Selective inhibition of viral protein accumulation in interferon-treated cells; nondiscriminate inhibition of the translation of added viral and cellular messenger RNAs in their extracts

Abstract

Treatment of monolayers of mouse L cells with 7.5 vesicular stomatitis virus plaque reduction units/ml of mouse interferon (specific activity 2 × 10 7 NIH mouse reference standard units/mg protein) results in a 95% decrease in the reovirus yield and, as shown earlier, an about 80% decrease in double-stranded and an about 60% decrease in single-stranded reo RNA accumulation in cells infected with 10 plaque-forming units of virus/cell. Interferon at this concentration does not affect the rate of accumulation of host proteins in uninfected or reovirus-infected cells. It inhibits reo virion protein accumulation in infected cells. In control cells the rate of reo virion protein accumulation increases about 2-fold between 10 and 14 hr after infection. In cells treated with interferon it remains at the same low inhibited level. Reo virion proteins were assayed in cell extracts by immunoprecipitation with antisera specific for various size classes or by gel electrophoresis.
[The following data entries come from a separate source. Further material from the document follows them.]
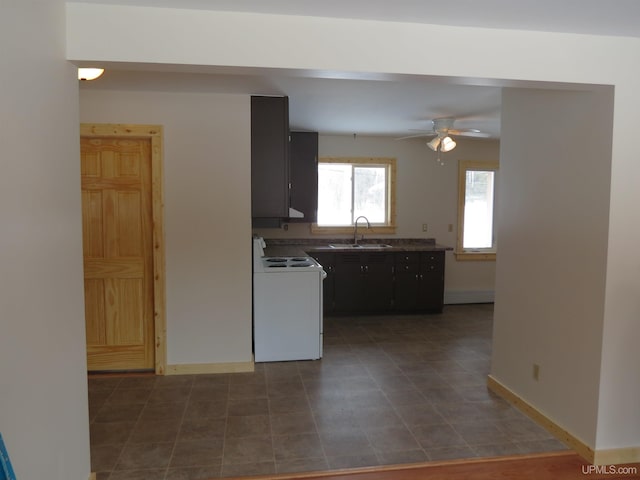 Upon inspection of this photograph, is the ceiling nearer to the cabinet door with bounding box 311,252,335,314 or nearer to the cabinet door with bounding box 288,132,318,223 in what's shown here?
the cabinet door with bounding box 288,132,318,223

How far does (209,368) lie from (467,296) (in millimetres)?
4095

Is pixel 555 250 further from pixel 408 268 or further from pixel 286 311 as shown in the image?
pixel 408 268

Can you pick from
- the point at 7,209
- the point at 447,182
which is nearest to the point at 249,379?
the point at 7,209

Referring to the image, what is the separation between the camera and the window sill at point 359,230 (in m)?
6.05

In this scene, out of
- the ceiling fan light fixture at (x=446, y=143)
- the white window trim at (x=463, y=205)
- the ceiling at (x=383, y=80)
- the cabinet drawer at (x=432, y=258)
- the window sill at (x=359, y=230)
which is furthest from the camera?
the white window trim at (x=463, y=205)

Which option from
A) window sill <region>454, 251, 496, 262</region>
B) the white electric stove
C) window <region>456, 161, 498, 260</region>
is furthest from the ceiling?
window sill <region>454, 251, 496, 262</region>

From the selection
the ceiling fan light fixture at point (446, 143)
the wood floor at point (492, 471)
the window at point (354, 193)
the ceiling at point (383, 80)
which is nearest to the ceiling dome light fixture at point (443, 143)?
the ceiling fan light fixture at point (446, 143)

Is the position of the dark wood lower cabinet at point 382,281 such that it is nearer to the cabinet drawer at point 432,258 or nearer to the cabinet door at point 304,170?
the cabinet drawer at point 432,258

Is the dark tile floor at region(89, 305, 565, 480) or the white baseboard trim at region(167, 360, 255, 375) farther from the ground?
the white baseboard trim at region(167, 360, 255, 375)

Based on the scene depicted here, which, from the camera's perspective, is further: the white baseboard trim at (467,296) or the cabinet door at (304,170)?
the white baseboard trim at (467,296)

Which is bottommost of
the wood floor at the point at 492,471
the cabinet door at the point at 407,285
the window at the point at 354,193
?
the wood floor at the point at 492,471

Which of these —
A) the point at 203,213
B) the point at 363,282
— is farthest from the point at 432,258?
the point at 203,213

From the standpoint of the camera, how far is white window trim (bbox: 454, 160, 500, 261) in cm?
634

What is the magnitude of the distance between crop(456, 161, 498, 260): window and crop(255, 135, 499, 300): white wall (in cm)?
10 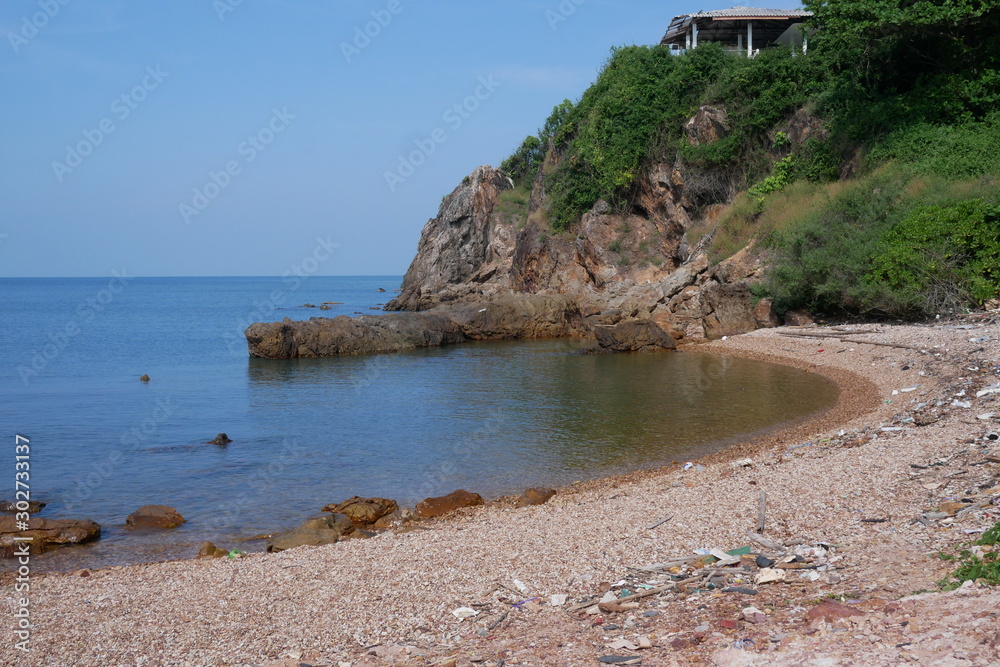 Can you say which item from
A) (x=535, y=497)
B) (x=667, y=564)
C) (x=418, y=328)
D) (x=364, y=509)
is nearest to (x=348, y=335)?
(x=418, y=328)

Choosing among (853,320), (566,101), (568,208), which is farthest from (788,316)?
(566,101)

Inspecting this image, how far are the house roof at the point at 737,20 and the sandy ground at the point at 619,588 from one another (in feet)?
119

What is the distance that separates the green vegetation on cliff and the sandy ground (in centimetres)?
1427

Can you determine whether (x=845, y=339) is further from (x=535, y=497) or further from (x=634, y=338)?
(x=535, y=497)

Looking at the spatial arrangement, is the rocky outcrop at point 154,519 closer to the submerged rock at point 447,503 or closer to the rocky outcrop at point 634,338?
the submerged rock at point 447,503

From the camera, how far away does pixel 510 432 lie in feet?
51.7

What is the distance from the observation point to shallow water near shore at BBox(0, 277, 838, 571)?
38.2ft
These results reveal the selective nature of the inhibition of protein accumulation in interferon-treated, virus-infected cells. The effect of treating L cells with interferon was also tested on the capacity of their extracts to translate various mRNAs. The translation of endogenous mRNA, of mRNA in L cell polysomes (added as such) and of polyuridylic acid is at most only slightly inhibited whereas that of added natural mRNAs (including reovirus and encephalomyocarditis virus mRNA, rabbit globin mRNA, and a mixture of L cell mRNAs) is strongly inhibited. The dominant nature of the inhibitor(s) is indicated by the fact that translation of added mRNA is impaired in a mixture of extracts from interferon-treated and from control cells. Thus an effect of interferon treatment of cells is manifested in subcellular systems. However, the selectivity of the effect in vivo, is not well reflected in vitro.